Synopses & Reviews
With a New Introduction and Notes by Henry Louis Gates, Jr. and Richard J. Ellis
A fascinating fusion of two literary models of the nineteenth century, the sentimental novel and the slave narrative, Our Nig, apart from its historical significance, is a deeply ironic and highly readable work, tracing the trials and tribulations of Frado, a mulatto girl abandoned by her white mother after the death of the child's black father, who grows up as an indentured servant to a white family in nineteenth-century Massachusetts.
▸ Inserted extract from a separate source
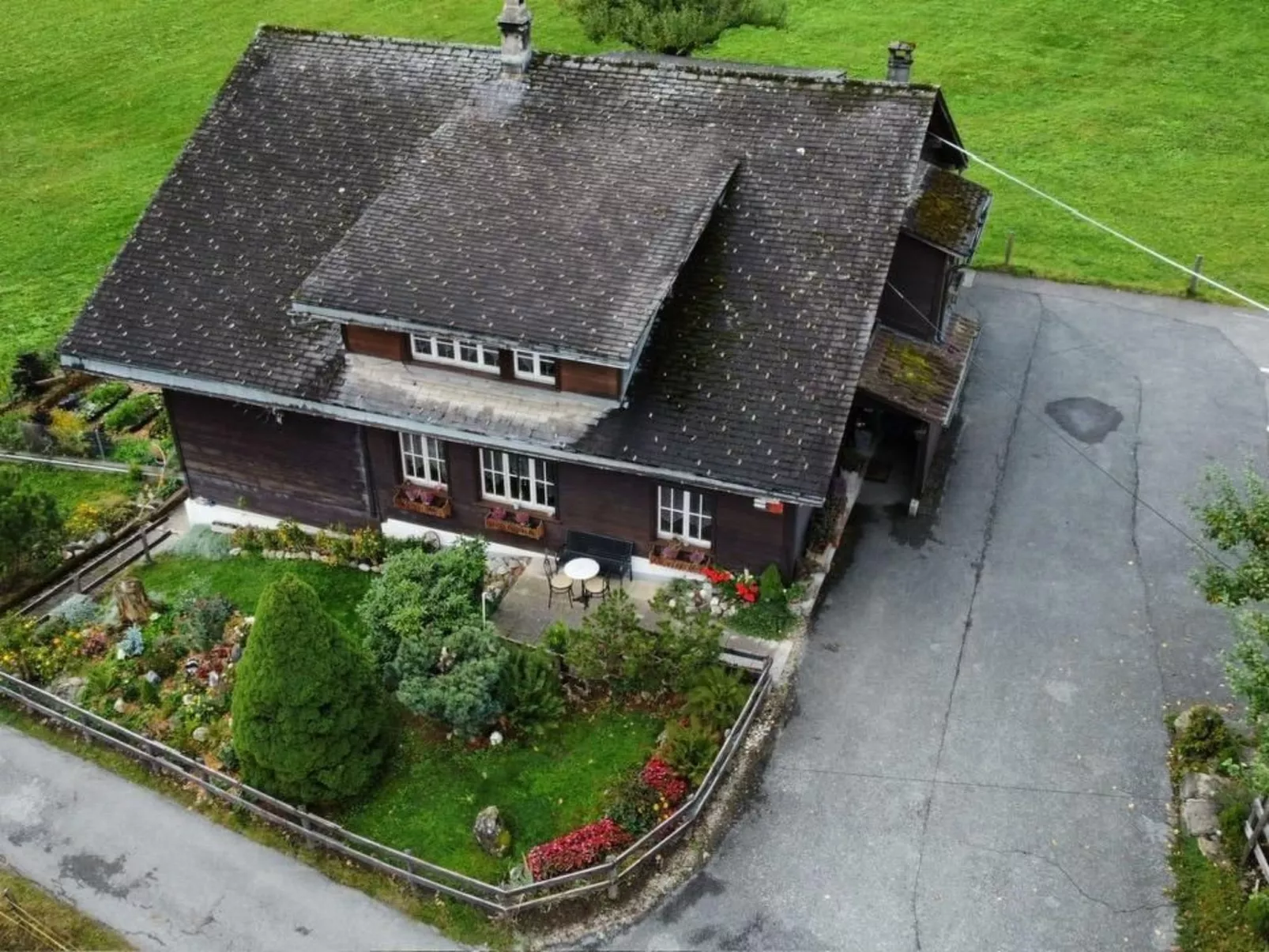 Gemütliches SINGLE-Studio-Outside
This edition of Our Nig includes a new Introduction by Henry Louis Gates, Jr. and Richard J. Ellis and four appendices: "Harriet Wilson's Career as a Spiritualist"; "Hattie E. Wilson in the Banner of Light and Spiritual Scientist" a collection of all her extant contributions to these newspapers; "Documents from Harriet Wilson's Life in Boston," a compilation of primary source material relating to Wilson's identity; and "A Note on the Penguin Edition," a critical essay on the Penguin edition of Our Nig. There is also a new chronology of the life of Harriet Wilson by Richard J. Ellis, as well as an up-to-date Select Bibliography of current scholarship regarding Harriet Wilson. This edition gives the fullest account to date of the life of Harriet Wilson, filling out many critical points regarding her life after writing Our Nig, in particular when she became a "medium" who communicated with the dead and as an educator in the "Spiritualist" movement after the Civil War.
Synopsis
With a New Preface, Introduction, and Notes by Henry Louis Gates, Jr.New Afterword by Barbara White
A fascinating fusion of two literary models of the nineteenth century, the sentimental novel and the slave narrative, Our Nig, apart from its historical significance, is a deeply ironic and highly readable work, tracing the trials and tribulations of Frado, a mulatto girl abandoned by her white mother after the death of the child's black father, who grows up as an indentured servant to a white family in nineteenth-century Massachusetts.
About the Author
Henry Louis Gates, Jr., is the Alphonse Fletcher University Professor and the Director of the W. E. B. Du Bois Institute for African and African American Research at Harvard University. The author of seven previous books, including the widely acclaimed memoir
Colored People, Professor Gates has also edited several anthologies and is coeditor with Kwame Anthony Appiah of
Encarta Africana, an encyclopedia of the African Diaspora. An influential cultural critic, he is a frequent contributor to
The New Yorker and other publications and is the recipient of many honors, including a MacArthur Foundation Fellowship and the National Humanities Medal.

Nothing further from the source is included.